:: Task prompt ::
Each record below needs to be reproduced precisely, though not its pictures.

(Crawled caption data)
:::

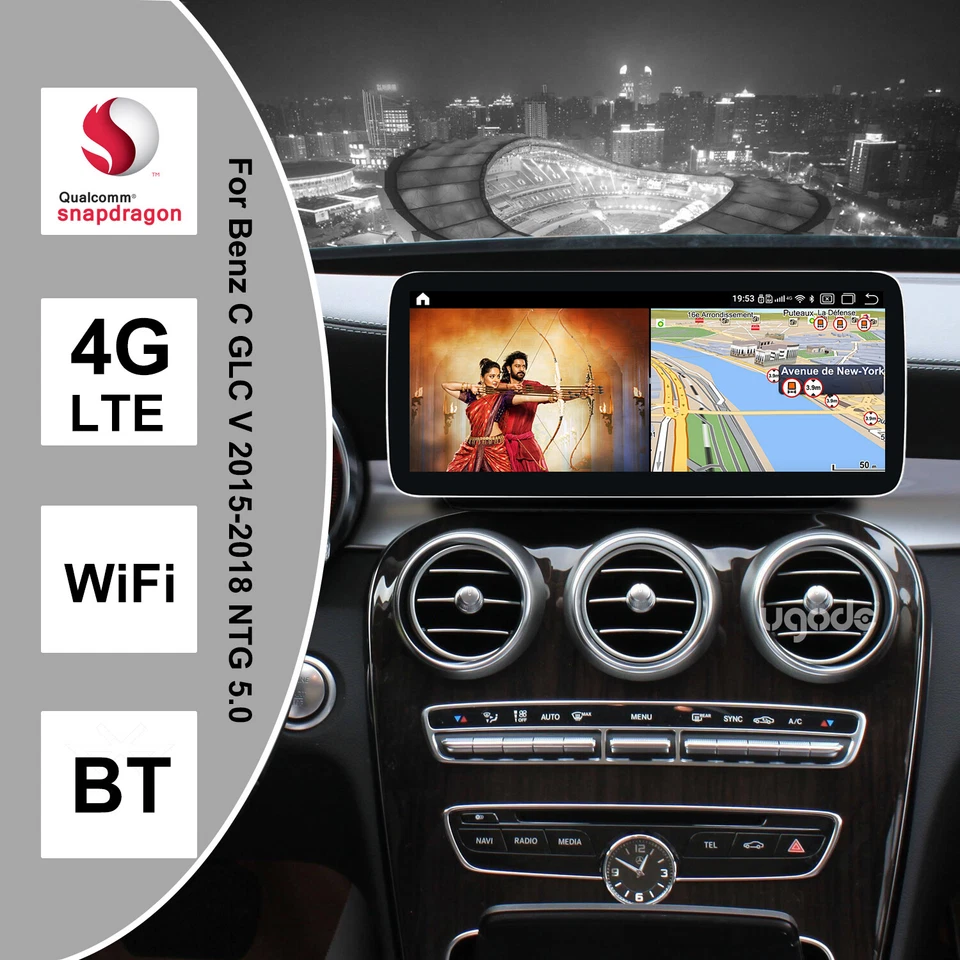 Android Autoradio Apple CarPlay GPS 10.25" Screen For Mercedes C GLC W205 C43 - Photo 3/4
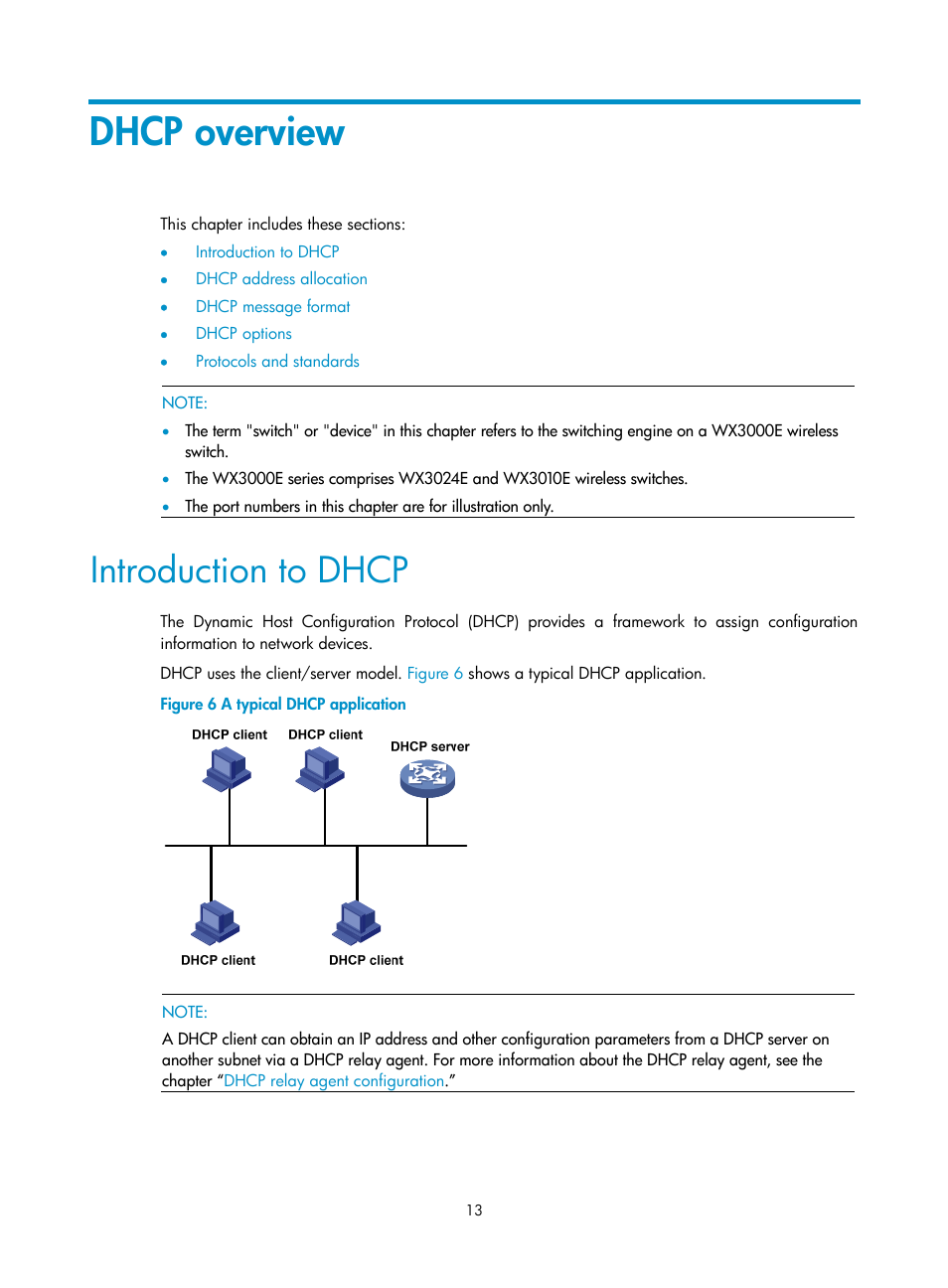 Dhcp overview, Introduction to dhcp | H3C Technologies H3C WX3000E Series Wireless Switches User Manual | Page 24 / 191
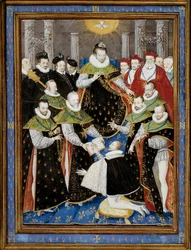 アンリ3世（1551-1589） 1587年 聖霊の騎士団（Order of the Holy Spirit）の最初の式典を司会するアンリ3世（1551-1589） アントワーヌ・キャロン（1521-1599）の後にウィリアム・リシャール（16世紀）が描いたミニチュア 1587年 シャンティイ、コンデ美術館 - アンリ3世（15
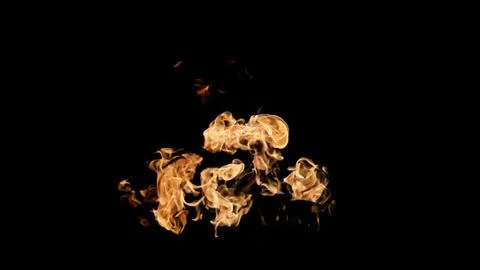 Fire flames on black background. fire on black background isolated. fire patt Stock Photos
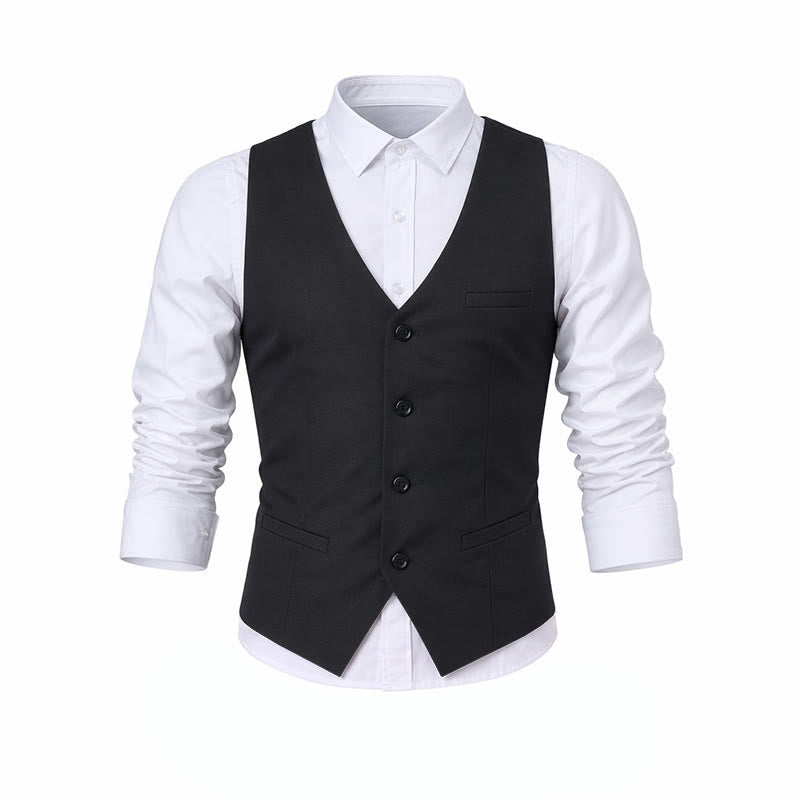 Men's All Season Work Waistcoat Daily Wedding Banquet Suit Vest - image 12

:::

:: Reply ::
 Android Autoradio Apple CarPlay GPS 10.25" Screen For Mercedes C GLC W205 C43 - Photo 3/4
 Dhcp overview, Introduction to dhcp | H3C Technologies H3C WX3000E Series Wireless Switches User Manual | Page 24 / 191
 アンリ3世（1551-1589） 1587年 聖霊の騎士団（Order of the Holy Spirit）の最初の式典を司会するアンリ3世（1551-1589） アントワーヌ・キャロン（1521-1599）の後にウィリアム・リシャール（16世紀）が描いたミニチュア 1587年 シャンティイ、コンデ美術館 - アンリ3世（15
 Fire flames on black background. fire on black background isolated. fire patt Stock Photos
 Men's All Season Work Waistcoat Daily Wedding Banquet Suit Vest - image 12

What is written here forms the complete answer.